When the world’s second-largest container-ship company makes a massive, long-term commitment to a carbon-neutral shipping fuel, you can’t help but take notice. Over the past few months, A.P. Moller-Maersk has placed orders for a dozen large, ocean-going container vessels that will be fueled by “green” methanol, which can be produced by “breaking up” water to produce hydrogen, then combining the H2 with captured CO2 to “make up” enviro-friendly bunkers. And, to ensure an ample supply of the climate-friendly fuels for its first 12 “boxships,” the shipping giant also has entered into strategic partnerships with six alternative fuel companies that by 2025 will be producing a total of at least 730,000 metric tons (MT) a year of either bio-ethanol or e-methanol — two chemically identical forms of green methanol. In today’s RBN blog, we discuss why Maersk thinks bio-methanol and e-methanol may be the carbon-neutral shipping fuels everyone’s been searching for.

The global shipping industry spent the 2010s ratcheting down emissions of old-school pollutants — mostly sulfur dioxide (SO2) — from the 50,000-plus tankers, dry bulkers, container ships, tankers, cruise ships, and other commercial vessels plying international waters. As we said in a number of blogs on the International Maritime Organization’s (IMO) ever-tightening environmental rules, the maximum allowable sulfur content in marine fuel (or bunkers) used around most of the world plummeted from 4.5% in January 2010 to only 0.5% in January 2020, when IMO 2020 was implemented. As of January 1, 2015, the allowable sulfur content in bunkers used in the IMO’s Emission Control Areas (ECAs) — which include Europe’s Baltic and North seas and areas within 200 nautical miles of the U.S. and Canadian coasts — was slashed from 1% to 0.1%.

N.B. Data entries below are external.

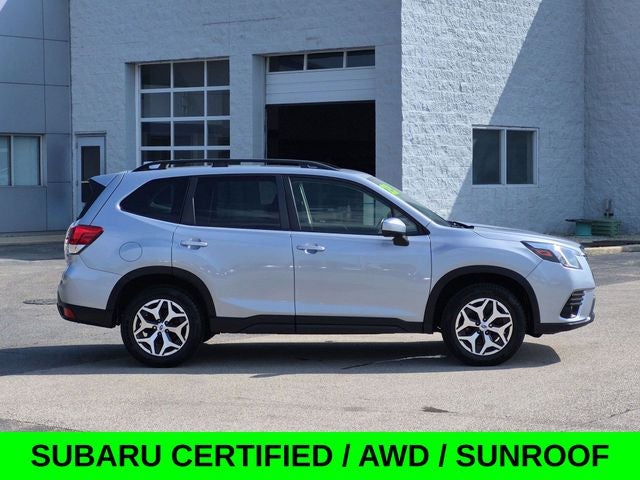 2023 Subaru Forester Premium AWD w/Moonroof & Heated Seats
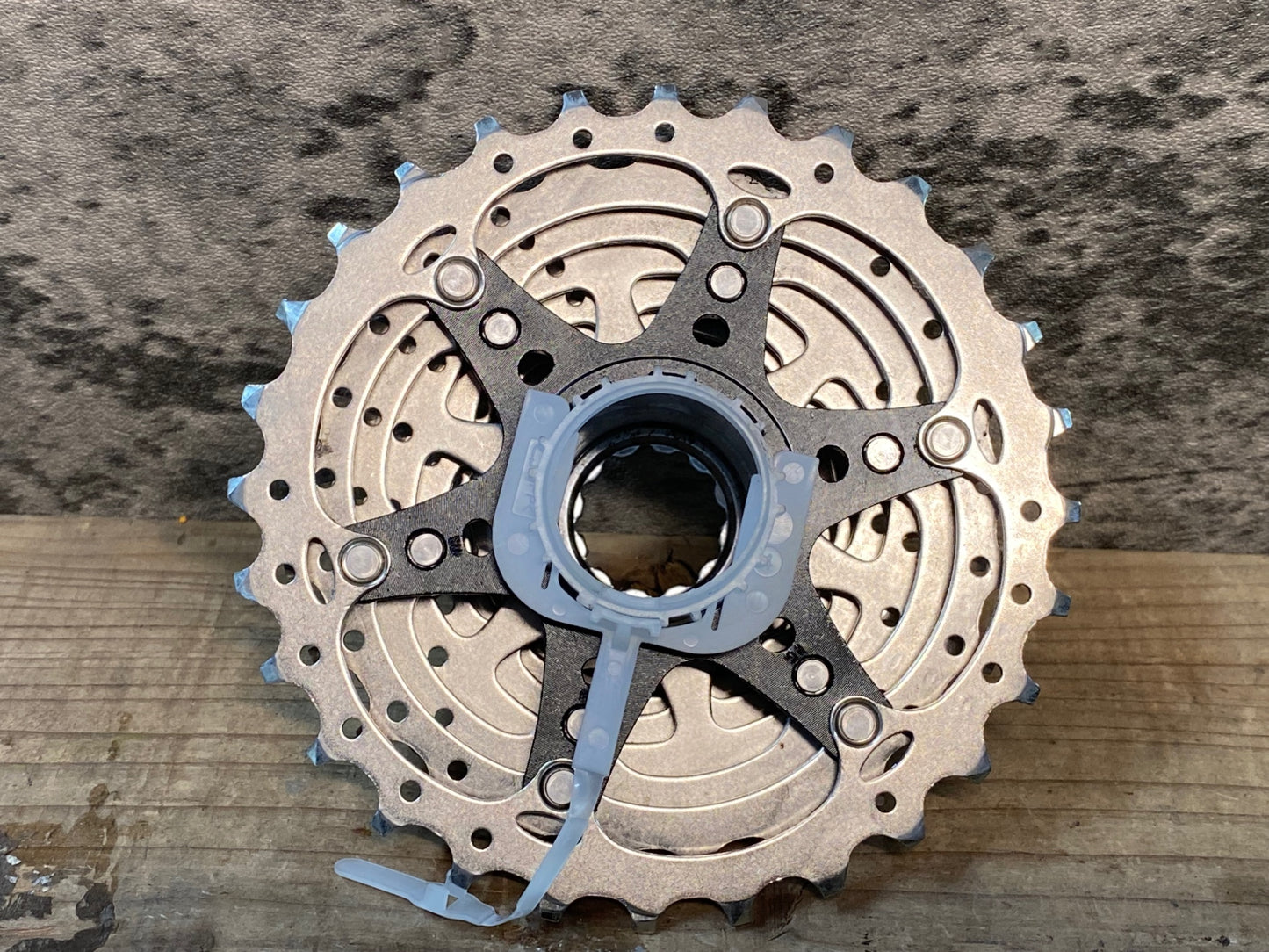 IW977 シマノ SHIMANO 105 CS-5800 スプロケット 11S 11-28T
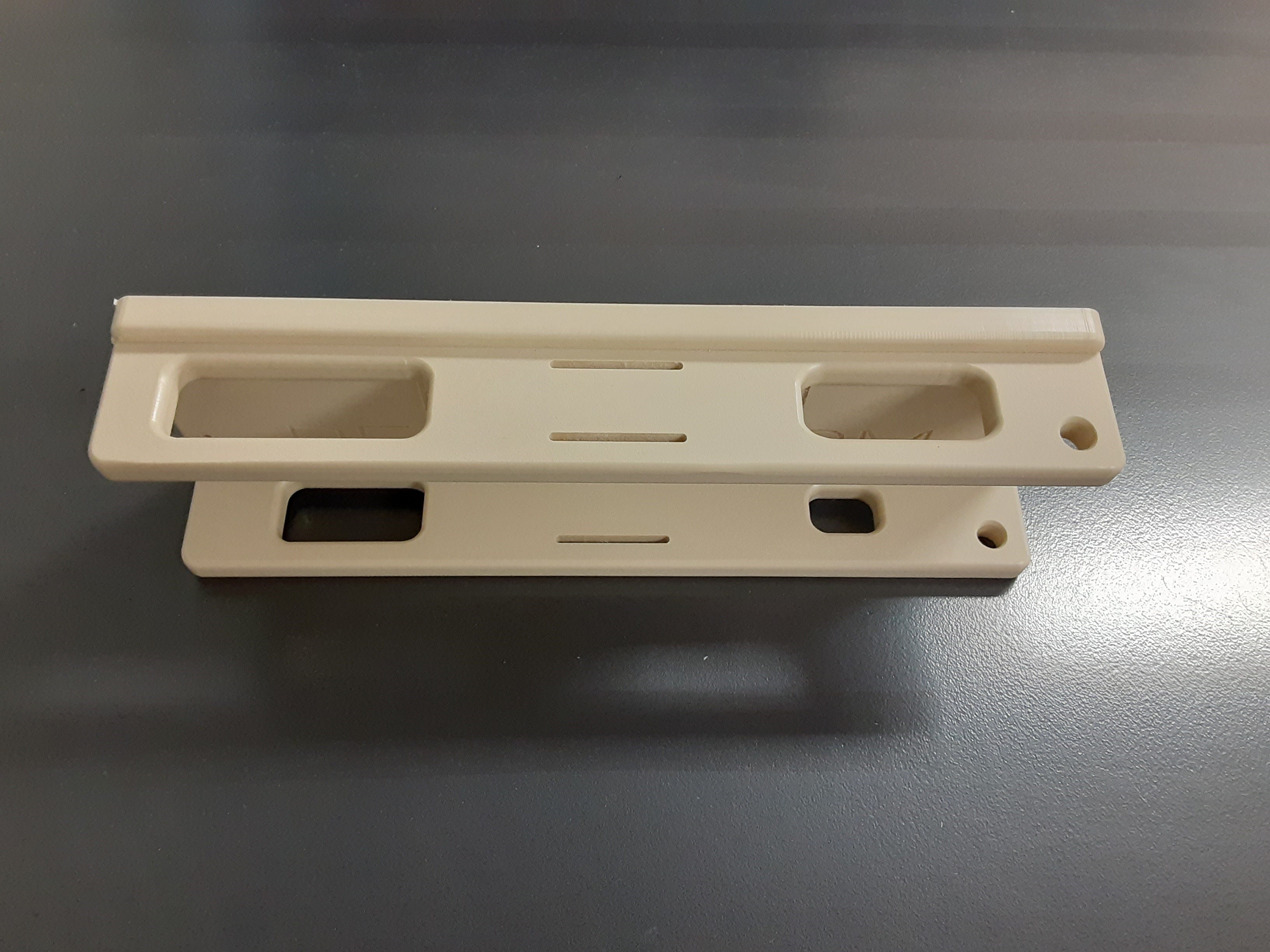 Tool holder Medium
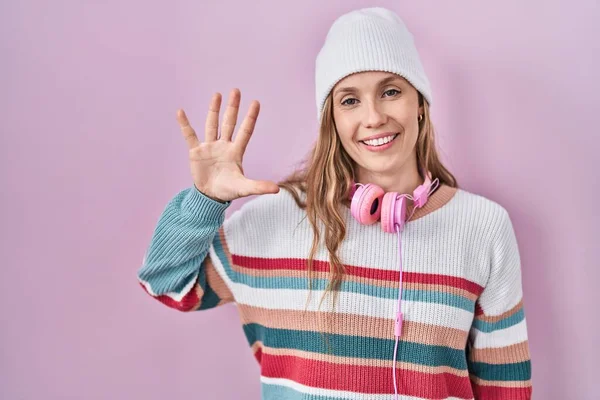 Tânăra Blondă Stând Deasupra Fundalului Roz Arătând Arătând Degetele Numărul — Fotografie, imagine de stoc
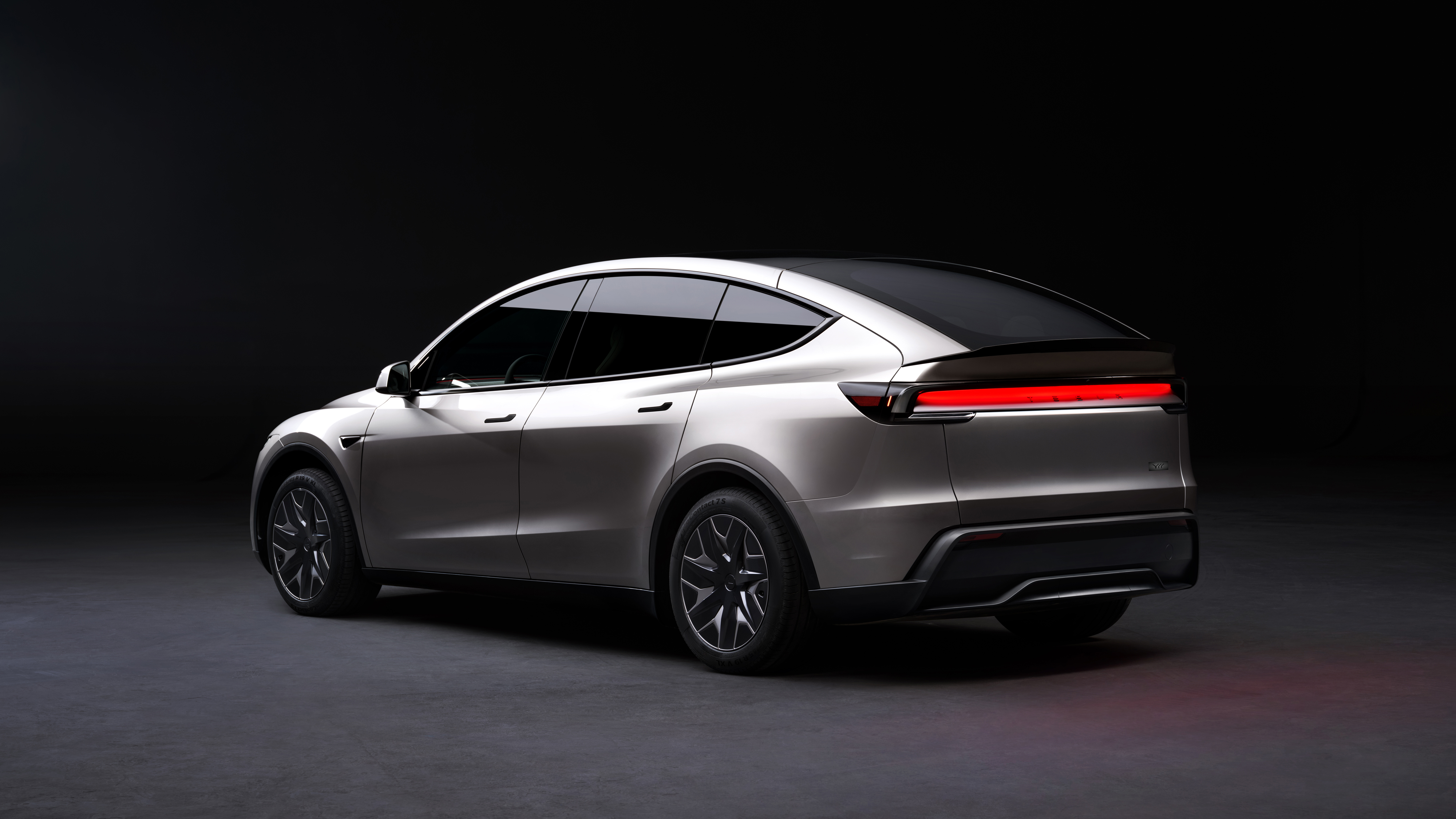 Tesla Model Y L Premium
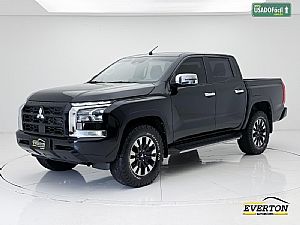 MITSUBISHI Triton HPE-S CD 2.4 4x4 Turbo Automático Diesel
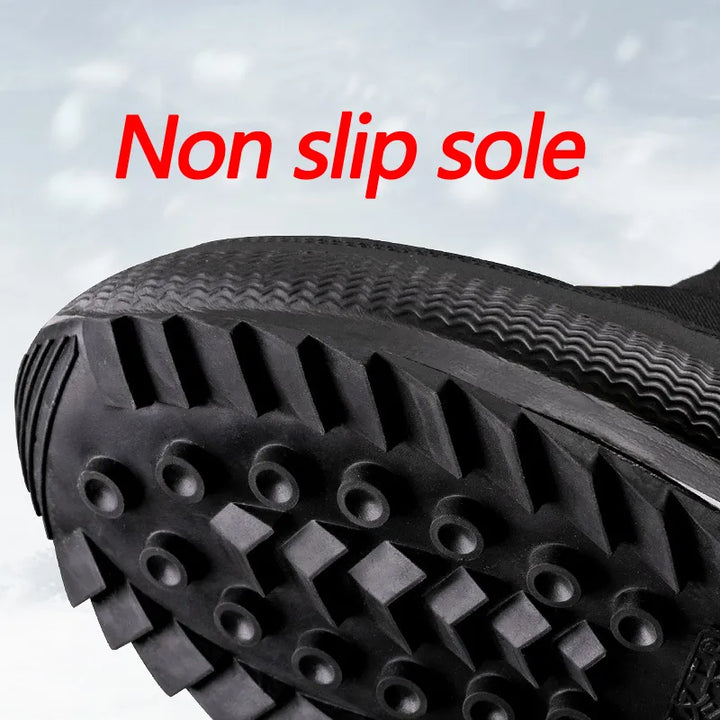 Zwarte, waterdichte enkellaars winterlaarzen voor heren met een robuust en functioneel design.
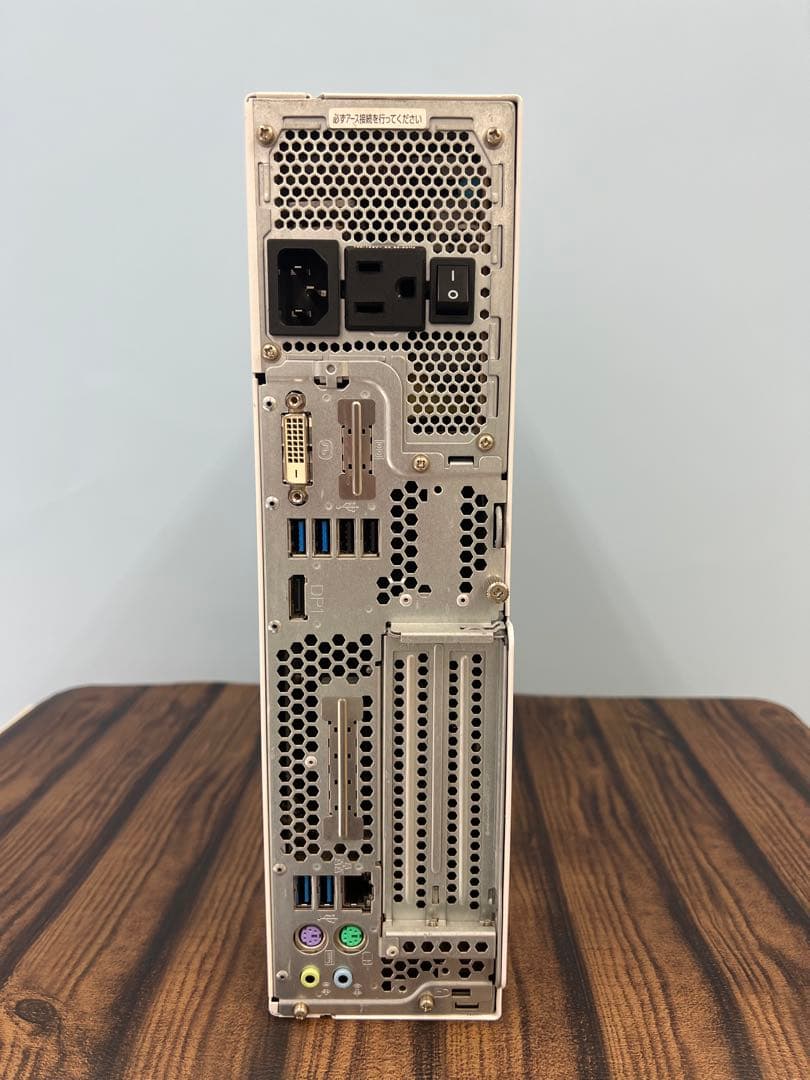 富士通 corei5 16GB 新品SSD521GB Win11　OFFICE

In the 2020s, it’s all about greenhouse gas (GHG) emissions, especially CO2. Global shipping activity accounts for about 3% of total GHGs and the IMO, which sets emissions and other rules for global shipowners, in 2018 laid out an initial strategy that calls for cutting ships’ CO2 emissions by 40% from their 2008 levels by 2030; reducing total GHGs by 50% (again from their 2008 levels) by 2050; and eliminating or fully offsetting GHG emissions by the end of the century. More specifically, the four-year-old plan calls for improving the efficiency of ship engines, reducing vessel operating speed (to improve their “miles-per-gallon” and thereby reduce their CO2 emissions per mile), and encouraging the use of alternative fuels. At a meeting of the IMO’s Marine Environment Protection Committee (MEPC) in November 2021, the committee said the IMO’s current goal of a 50% reduction in GHG emissions from shipping by 2050 doesn’t go far enough. MEPC added that it plans to initiate a revision of that goal by 2023, but it’s not clear yet whether it will shoot for net-zero GHGs by midcentury or a less-ambitious goal.